-- Supplied data follows --
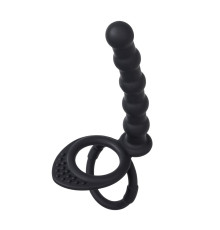 Черная насадка на пенис для двойного проникновения - 19,5 см.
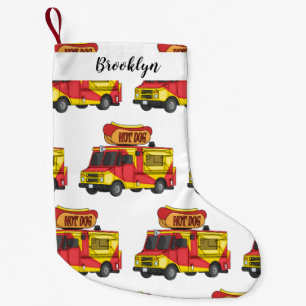 Hot dog food truck cartoon illustration  small christmas stocking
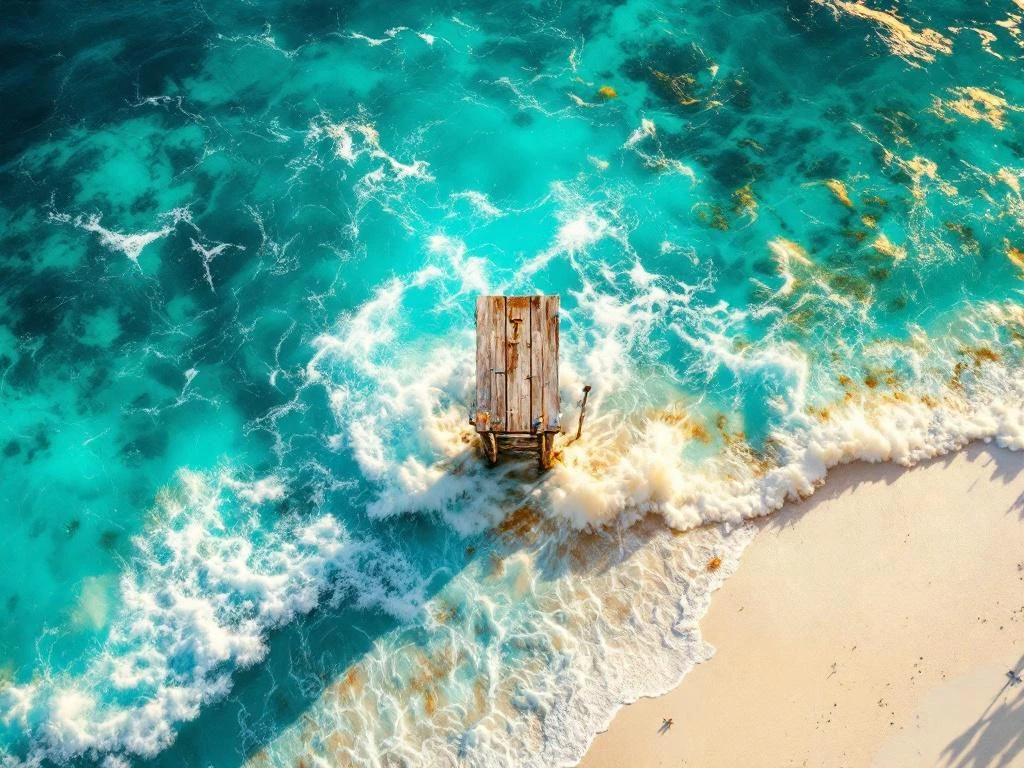 Aerial view of turbulent Caribbean waters meeting calm turquoise shallows with visible coral reefs along Aruba's coastline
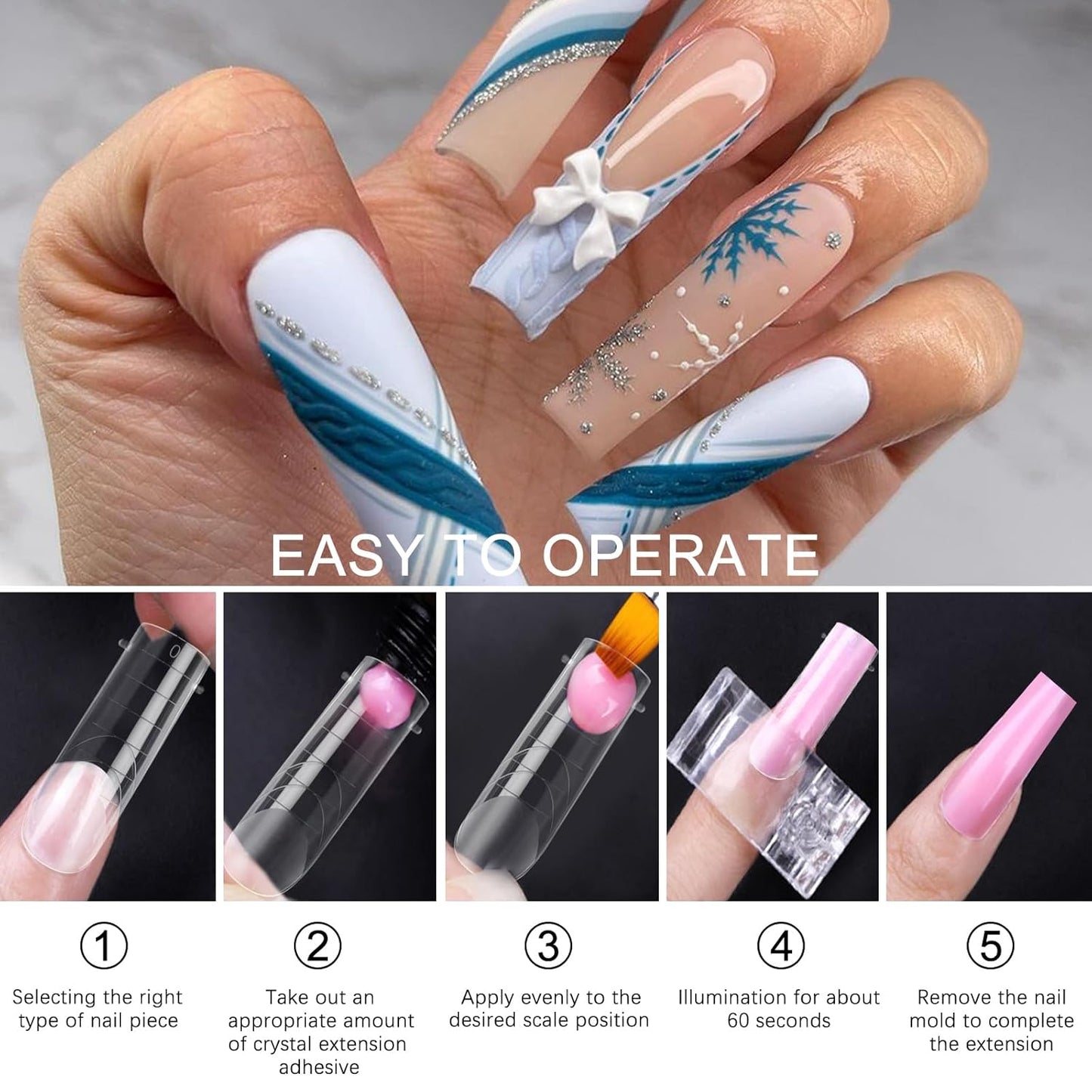 120 Pcs Poly Extension Gel Dual Nail Forms Nail Molds With Scale Builder Coffin Nail for Gel Manicure Nail Art Design Salon DIY at Home (Long Square Head Frosted Dual Nail Forms Set)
-- Supplied data concluded --
Your task
Return the full listing exactly as it appears above, without its pictures.

Solution to the exercise
 Черная насадка на пенис для двойного проникновения - 19,5 см.
 Hot dog food truck cartoon illustration  small christmas stocking
 Aerial view of turbulent Caribbean waters meeting calm turquoise shallows with visible coral reefs along Aruba's coastline
 120 Pcs Poly Extension Gel Dual Nail Forms Nail Molds With Scale Builder Coffin Nail for Gel Manicure Nail Art Design Salon DIY at Home (Long Square Head Frosted Dual Nail Forms Set)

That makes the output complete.